- INSTRUCTIONS TO FOLLOW
Retype the data below verbatim; pictures do not belong in the copy.

- STORED DATA
────
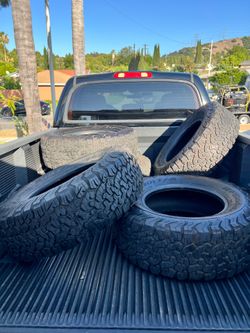 BF Goodrich 285/70R17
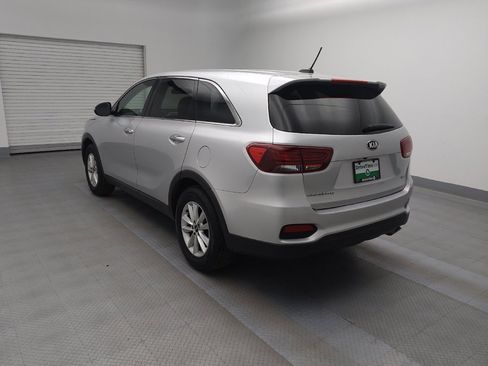 Used 2019 Kia Sorento L image 5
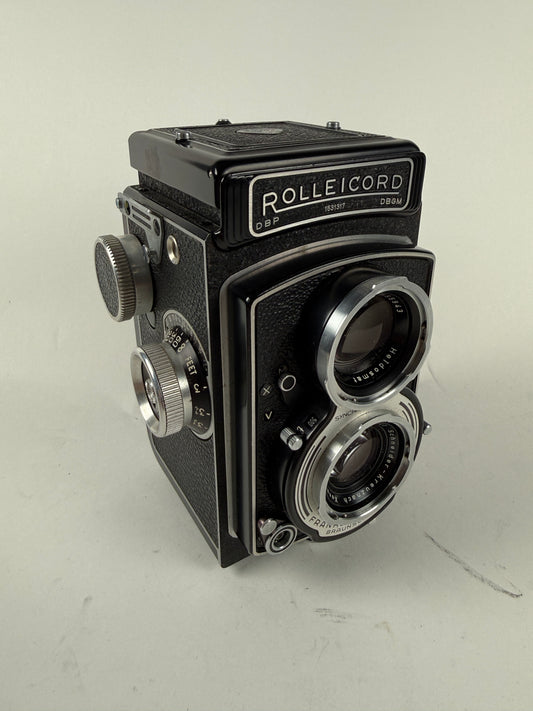 Rolleicord V TLR Camera Xenar 75mm f3.5 Lens Medium Format Camera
────
- REPLY TO THE TASK
 BF Goodrich 285/70R17
 Used 2019 Kia Sorento L image 5
 Rolleicord V TLR Camera Xenar 75mm f3.5 Lens Medium Format Camera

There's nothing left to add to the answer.